WikiLeaks’ publication of tens of thousands of pages of confidential U.S. military documents on the Afghanistan war has drawn a lot of attention, perhaps overshadowing the many, more common cases around the world in which journalists publish stories based on leaked documents. This week, for instance, three journalists in Ivory Coast were found guilty of disclosing confidential judicial information after they published a story that shook the political establishment in this West African nation.
We’re not talking here about the kind of military action reports published by WikiLeaks. The Ivory Coast case centered on a newspaper’s disclosure of a 137-page prosecutor’s report that detailed alleged corruption in the cocoa industry, a key economic sector in this nation, the world’s top exporter of cocoa. For nearly two weeks, the courtroom drama gripped the nation, stirred a debate on freedom of the press, and spotlighted three audacious editors of a fledgling newspaper called Le Nouveau Courrier. “The coffee and cocoa issue is very sensitive in our country. Few journalists dare to touch it,” said Le Nouveau Courrier Editor-in-Chief Saint-Claver Oula. Little wonder. Guy-André Kieffer, a Franco-Canadian journalist, went missing more than six years ago while investigating corruption in the cocoa industry.
In 2007, Ivorian President Laurent Gbagbo ordered an official inquiry into graft in the cocoa industry. State Prosecutor Raymound Tchimou, who oversaw the inquiry, handed his report to Gbagbo in June, a step heralded by Ivorian state television. But the report itself was held back from the public, and Tchimou was reticent on the details. “It seemed a bit odd and it drew our curiosity,” Oula said. After the newspaper got a copy of the report from an unnamed source, it published an in-depth piece on July 13 that described the prosecutor’s findings of embezzlement, over-billing and malfeasance. (Although two dozen people have been imprisoned during the course of the cocoa probe, no cases have been brought to trial as yet.)

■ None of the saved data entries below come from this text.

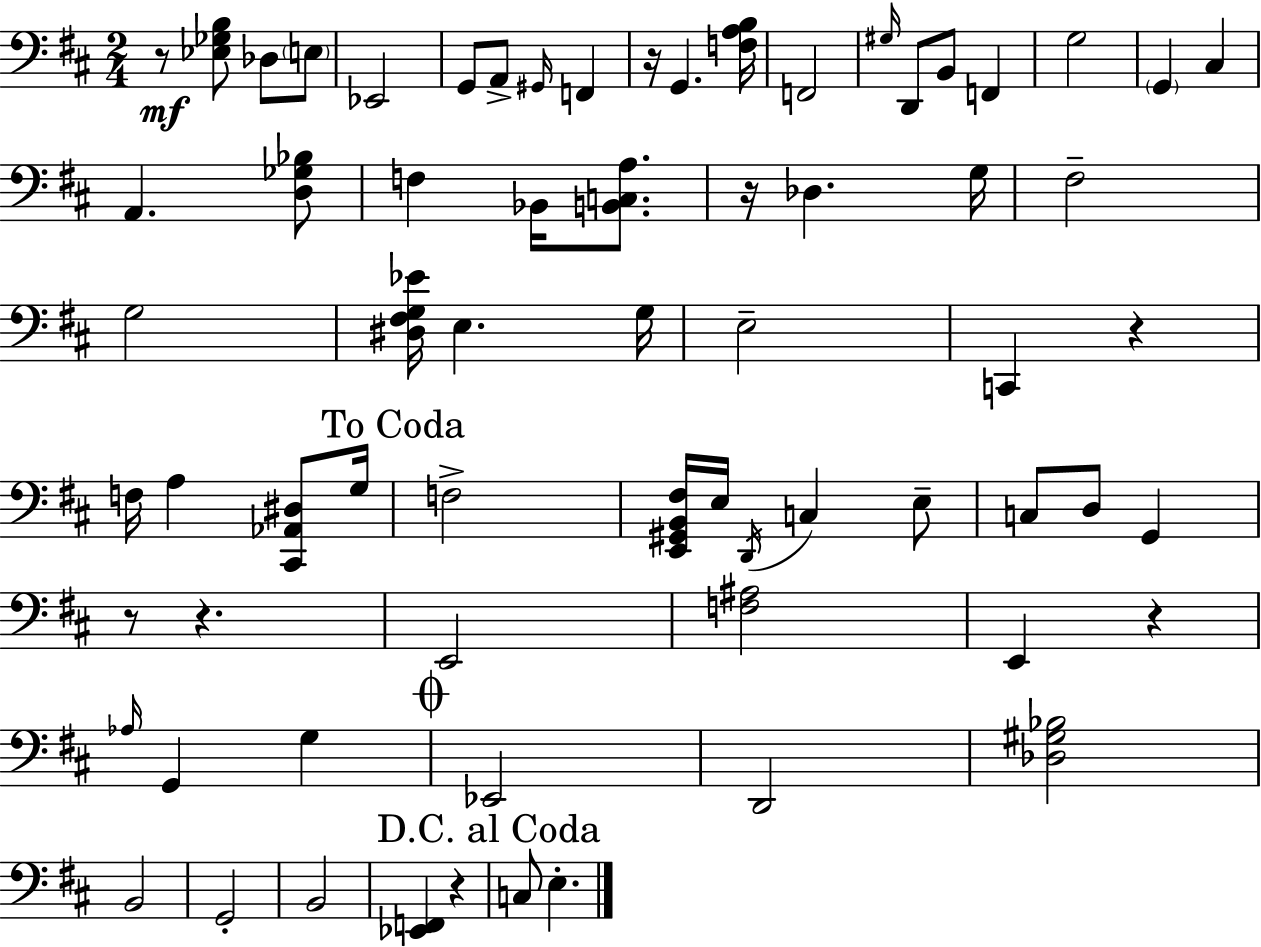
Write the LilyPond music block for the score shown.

{
  \clef bass
  \numericTimeSignature
  \time 2/4
  \key d \major
  r8\mf <ees ges b>8 des8 \parenthesize e8 | ees,2 | g,8 a,8-> \grace { gis,16 } f,4 | r16 g,4. | \break <f a b>16 f,2 | \grace { gis16 } d,8 b,8 f,4 | g2 | \parenthesize g,4 cis4 | \break a,4. | <d ges bes>8 f4 bes,16 <b, c a>8. | r16 des4. | g16 fis2-- | \break g2 | <dis fis g ees'>16 e4. | g16 e2-- | c,4 r4 | \break f16 a4 <cis, aes, dis>8 | g16 \mark "To Coda" f2-> | <e, gis, b, fis>16 e16 \acciaccatura { d,16 } c4 | e8-- c8 d8 g,4 | \break r8 r4. | e,2 | <f ais>2 | e,4 r4 | \break \grace { aes16 } g,4 | g4 \mark \markup { \musicglyph "scripts.coda" } ees,2 | d,2 | <des gis bes>2 | \break b,2 | g,2-. | b,2 | <ees, f,>4 | \break r4 \mark "D.C. al Coda" c8 e4.-. | \bar "|."
}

Tchimou immediately summoned Oula, along with Le Nouveau Courrier Managing Editor Stéphane Guédé and News Editor Théophile Kouamouo, and demanded they reveal their sources or be thrown into prison for “theft” of official documents. When the trio refused, the prosecutor jailed them and dispatched police to raid the offices of Le Nouveau Courrier. Police came to the newsroom without a search warrant, but carted away Oula’s laptop.
The arrests and raid, in a country where press offenses were made civil matters under 2004 law, stirred unprecedented solidarity among Ivorian journalists. A loosely formed Ivorian Committee for the Protection of Journalists emerged. Last Friday, the group staged a sit-in at the gates of the main courthouse in Abidjan to protest the imprisonment of their colleagues. The gathering was dispersed by police—but not peacefully, according to local news reports.

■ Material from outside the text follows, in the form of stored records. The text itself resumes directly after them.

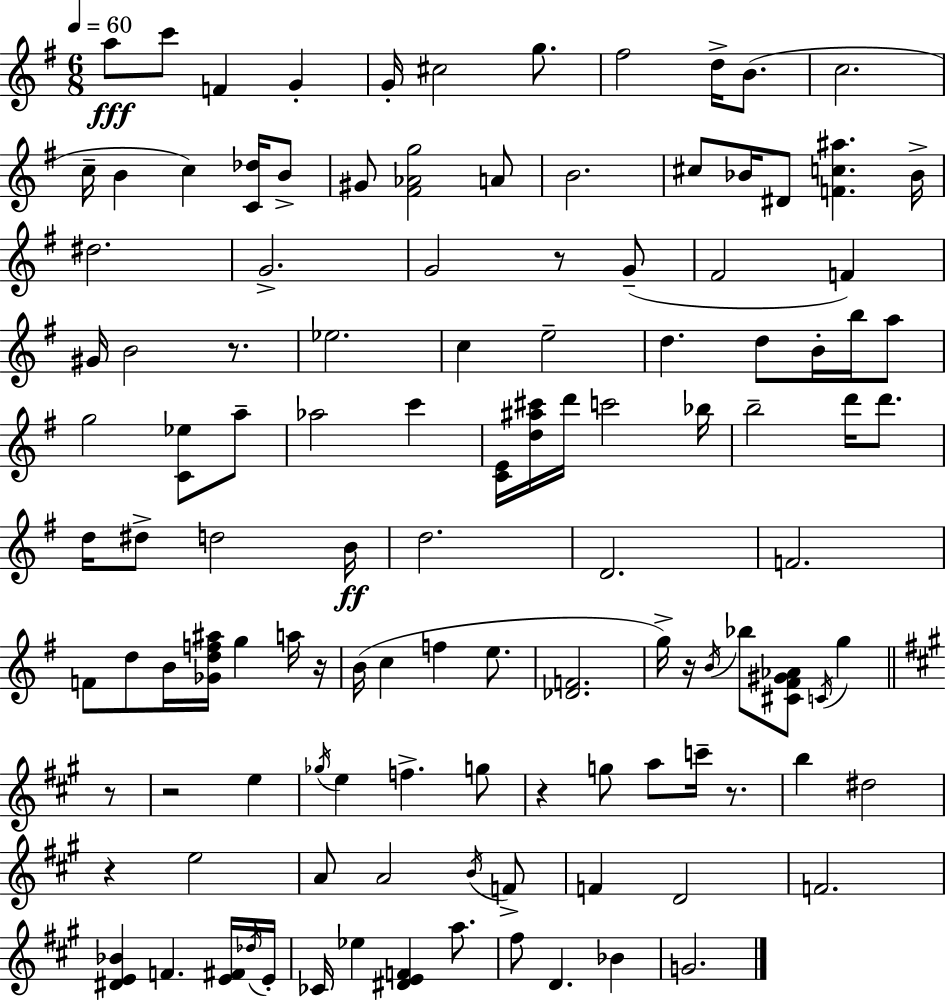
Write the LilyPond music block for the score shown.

{
  \clef treble
  \numericTimeSignature
  \time 6/8
  \key e \minor
  \tempo 4 = 60
  a''8\fff c'''8 f'4 g'4-. | g'16-. cis''2 g''8. | fis''2 d''16-> b'8.( | c''2. | \break c''16-- b'4 c''4) <c' des''>16 b'8-> | gis'8 <fis' aes' g''>2 a'8 | b'2. | cis''8 bes'16 dis'8 <f' c'' ais''>4. bes'16-> | \break dis''2. | g'2.-> | g'2 r8 g'8--( | fis'2 f'4) | \break gis'16 b'2 r8. | ees''2. | c''4 e''2-- | d''4. d''8 b'16-. b''16 a''8 | \break g''2 <c' ees''>8 a''8-- | aes''2 c'''4 | <c' e'>16 <d'' ais'' cis'''>16 d'''16 c'''2 bes''16 | b''2-- d'''16 d'''8. | \break d''16 dis''8-> d''2 b'16\ff | d''2. | d'2. | f'2. | \break f'8 d''8 b'16 <ges' d'' f'' ais''>16 g''4 a''16 r16 | b'16( c''4 f''4 e''8. | <des' f'>2. | g''16->) r16 \acciaccatura { b'16 } bes''8 <cis' fis' gis' aes'>8 \acciaccatura { c'16 } g''4 | \break \bar "||" \break \key a \major r8 r2 e''4 | \acciaccatura { ges''16 } e''4 f''4.-> | g''8 r4 g''8 a''8 c'''16-- | r8. b''4 dis''2 | \break r4 e''2 | a'8 a'2 | \acciaccatura { b'16 } f'8-> f'4 d'2 | f'2. | \break <dis' e' bes'>4 f'4. | <e' fis'>16 \acciaccatura { des''16 } e'16-. ces'16 ees''4 <dis' e' f'>4 | a''8. fis''8 d'4. | bes'4 g'2. | \break \bar "|."
}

Ivorian photojournalist Stéphane Goué, a group leader, told CPJ that club-wielding police officers assaulted at least 10 journalists. Police seized the cellphone of journalist Simon Konan of Le Flambeau, and deleted images taken by photojournalists such as Olga Ottro of Le Nouveau Réveil and Koussi Germain of Nord Sud, he said. At least three journalists were injured, including Germain and reporter Sanou Amadou of Nord Sud. Saturday’s edition of daily Nord Sud featured a front page photo of Germain with a bandaged arm and head. Undeterred, leaders of the journalists group planned to ramp up protests if the three Le Nouveau Courrier editors were not freed.
On Monday, came the much anticipated denouement: A judge acquitted the Le Nouveau Courrier journalists of the more serious penal code charges of theft and disclosure of administrative documents. The three were found guilty of disclosing confidential judicial information, a lesser offense covered under the 2004 press law. The judge fined the paper 5 million CFA francs (US$9,800) and ordered it not to publish for 15 days.

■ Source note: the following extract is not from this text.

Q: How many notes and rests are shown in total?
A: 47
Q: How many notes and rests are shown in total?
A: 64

These are the types of “leaked document” cases that CPJ monitors regularly in Africa and around the world. They typically involve issues of great local importance; the journalists who publish these stories are often jailed for days or weeks at a time. In many of these cases, government officials vaguely cite national security as the reason for their secrecy and the justification for their repression. But local journalists say narrow political interests typically motivate these prosecutions.
WikiLeaks’ publication of the Afghan documents is a world away in most respects. But there may be one parallel. After punishing the press, Ivorian prosecutor Tchimou eventually turned his attention to his own office, charging his spokesman, Patrice Pohé, with leaking the document. Pohé was acquitted, but the development underscored an important point for Ivorian journalists: The press has a duty to uncover what is hidden, while the government is responsible for addressing its own leaks.
On Monday in Washington, a reporter asked White House spokesman Robert Gibbs what the WikiLeaks’ disclosure “says about the ability of the [U.S.] government to protect confidential information if a breach like this can occur?” Gibb’s response? “Well, I think there is no doubt that this is a concerning development in operational security.”